§ **Available data**
# # # # #

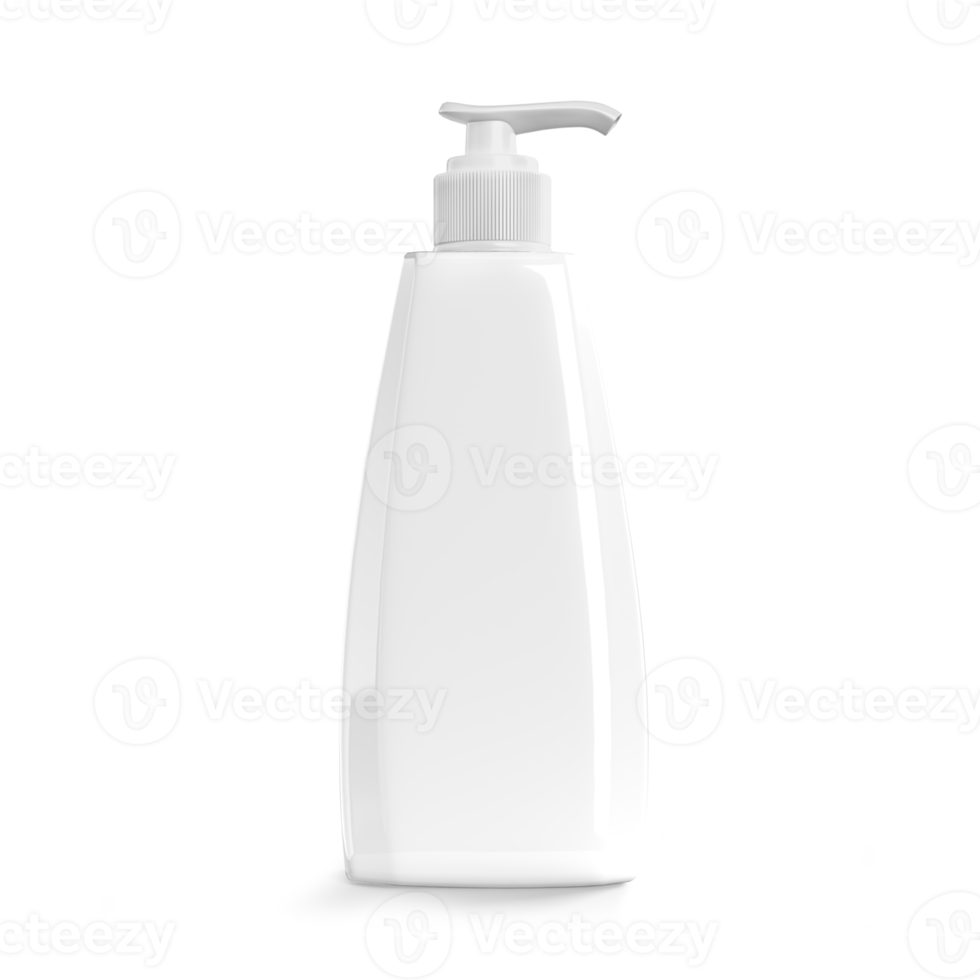 Bottle pump shampoo mockup realistic render isolated png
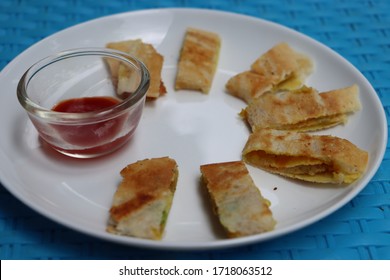 Cheese Dosa Served As Bites,  South Indian Food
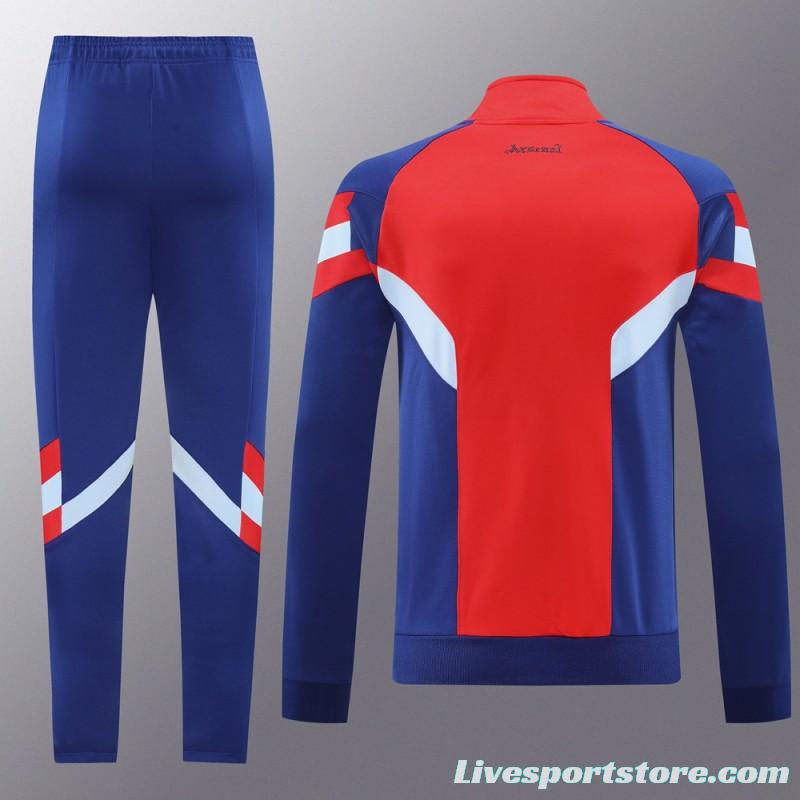 24/25 Arsenal Blue/Red Full Zipper Jacket +Long Pants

# # # # #

Go through the material and set it down again exactly, but without any pictures.

 Bottle pump shampoo mockup realistic render isolated png
 Cheese Dosa Served As Bites,  South Indian Food
 24/25 Arsenal Blue/Red Full Zipper Jacket +Long Pants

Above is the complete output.